Falls back to the last line only if no matching ‘end` is found.

# File 'lib/tina4/metrics.rb', line 857

def self._find_method_end(lines, start_index)
  source = lines[start_index..].join("\n")
  tokens = begin
    Ripper.lex(source)
  rescue StandardError
    return lines.length - 1
  end

  depth = 0
  # A keyword is a block opener only when it leads a statement. Track that:
  # we are at statement start initially and right after a newline / `;`.
  at_statement_start = true
  seen_opener = false

  tokens.each do |(pos, type, token)|
    case type
    when :on_kw
      if BLOCK_OPENERS.include?(token)
        depth += 1
        seen_opener = true
      elsif token == 'do'
        depth += 1
        seen_opener = true
      elsif CONDITIONAL_OPENERS.include?(token)
        # Leading => real block opener; trailing => modifier (no end).
        if at_statement_start
          depth += 1
          seen_opener = true
        end
      elsif token == 'end'
        depth -= 1
        if seen_opener && depth <= 0
          return start_index + (pos[0] - 1)
        end
      end
      at_statement_start = false
    when :on_nl, :on_ignored_nl, :on_semicolon
      at_statement_start = true
    when :on_sp, :on_comment, :on_embdoc, :on_embdoc_beg, :on_embdoc_end
      # whitespace/comments don't change statement-start state
    else
      at_statement_start = false
    end
  end

  # If we never found the end, return last line
  lines.length - 1
end

._has_matching_test(rel_path) ⇒ `Object`

Check whether a source file has a test that actually exercises it.

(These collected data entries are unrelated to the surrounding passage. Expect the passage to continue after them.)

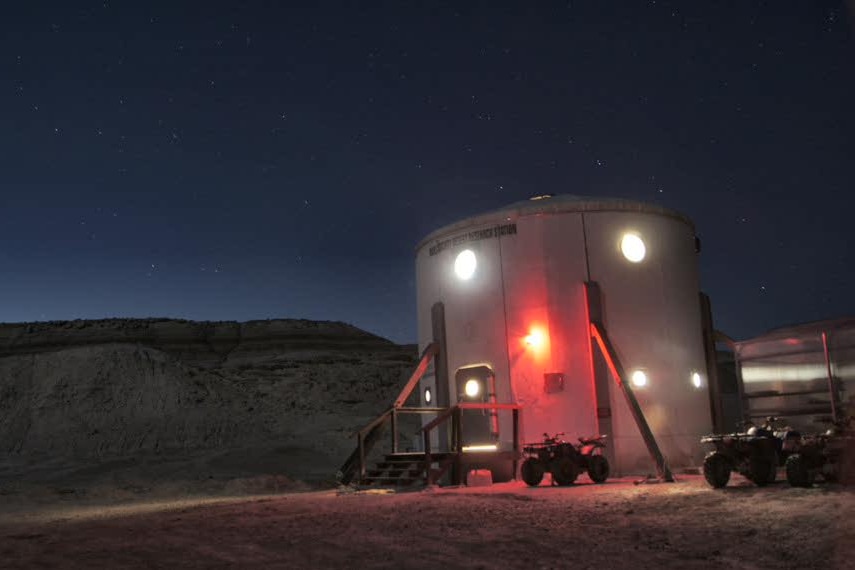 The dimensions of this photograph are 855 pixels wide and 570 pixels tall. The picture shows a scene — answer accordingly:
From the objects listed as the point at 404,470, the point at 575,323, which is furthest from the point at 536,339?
the point at 404,470

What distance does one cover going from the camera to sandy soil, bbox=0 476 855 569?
308 inches

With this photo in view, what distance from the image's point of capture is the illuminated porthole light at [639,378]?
19.1 meters

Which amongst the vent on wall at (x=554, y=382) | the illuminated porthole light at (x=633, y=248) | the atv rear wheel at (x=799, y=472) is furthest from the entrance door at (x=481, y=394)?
the atv rear wheel at (x=799, y=472)

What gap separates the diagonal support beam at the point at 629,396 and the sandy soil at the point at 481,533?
74.0 inches

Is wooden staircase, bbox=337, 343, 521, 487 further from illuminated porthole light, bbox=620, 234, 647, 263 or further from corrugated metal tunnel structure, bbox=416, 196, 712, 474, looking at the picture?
illuminated porthole light, bbox=620, 234, 647, 263

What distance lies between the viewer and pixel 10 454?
33.4 metres

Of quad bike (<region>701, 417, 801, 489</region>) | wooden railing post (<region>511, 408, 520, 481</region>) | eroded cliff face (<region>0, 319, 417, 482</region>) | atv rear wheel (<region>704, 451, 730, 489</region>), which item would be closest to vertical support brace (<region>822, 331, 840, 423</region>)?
quad bike (<region>701, 417, 801, 489</region>)

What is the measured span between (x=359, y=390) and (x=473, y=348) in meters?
34.2

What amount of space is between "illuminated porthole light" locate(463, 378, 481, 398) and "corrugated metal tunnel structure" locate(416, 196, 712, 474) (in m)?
0.03

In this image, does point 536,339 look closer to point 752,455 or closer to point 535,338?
point 535,338

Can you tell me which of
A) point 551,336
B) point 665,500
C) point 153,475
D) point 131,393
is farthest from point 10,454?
point 665,500

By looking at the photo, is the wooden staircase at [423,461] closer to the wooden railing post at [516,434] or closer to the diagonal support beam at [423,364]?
the wooden railing post at [516,434]

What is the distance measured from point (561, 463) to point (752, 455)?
3.84 meters

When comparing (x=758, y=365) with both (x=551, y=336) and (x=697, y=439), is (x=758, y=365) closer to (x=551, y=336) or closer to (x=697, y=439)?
(x=697, y=439) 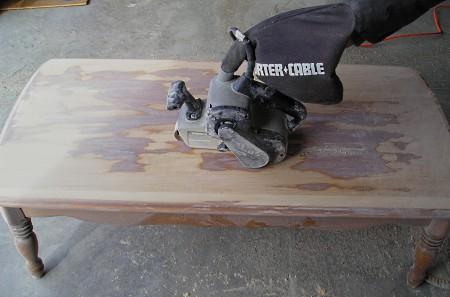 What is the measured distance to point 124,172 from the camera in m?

PRECISE detection (a bare word-mention is NOT enough — that over-reported badly: ‘sqlite3_adapter.rb` looked “tested” because some spec merely said “sqlite3_adapter”):

1. Filename — a dedicated `<module>_spec.rb` / `<module>_test.rb` /
   `test_<module>.rb` for THIS exact module (NOT the parent directory —
   one `database_spec.rb` must not mark every file under `database/`
   tested).
2. Require — a spec that actually requires this file: its require path
   (`require "tina4/database/sqlite"` / `require_relative ".../sqlite"`)
   matched by the basename of a require target. A constant/class that is
   genuinely DEFINED in this file (top-level class/module) referenced by
   a spec also counts.

Returns true only on a real, file-specific signal — so the “untested” offenders surfaced by ‘tina4 metrics` and the dashboard “T” badge are trustworthy. (If you wire real coverage data later, prefer it over this.)

# File 'lib/tina4/metrics.rb', line 563

def self._has_matching_test(rel_path)
  require 'set'

  name = File.basename(rel_path, '.rb')

  # Require path WITHOUT extension, leading lib/ stripped:
  # "lib/tina4/database/sqlite.rb" -> "tina4/database/sqlite"
  require_path = rel_path.sub(/\.rb$/, '').sub(%r{^lib/}, '')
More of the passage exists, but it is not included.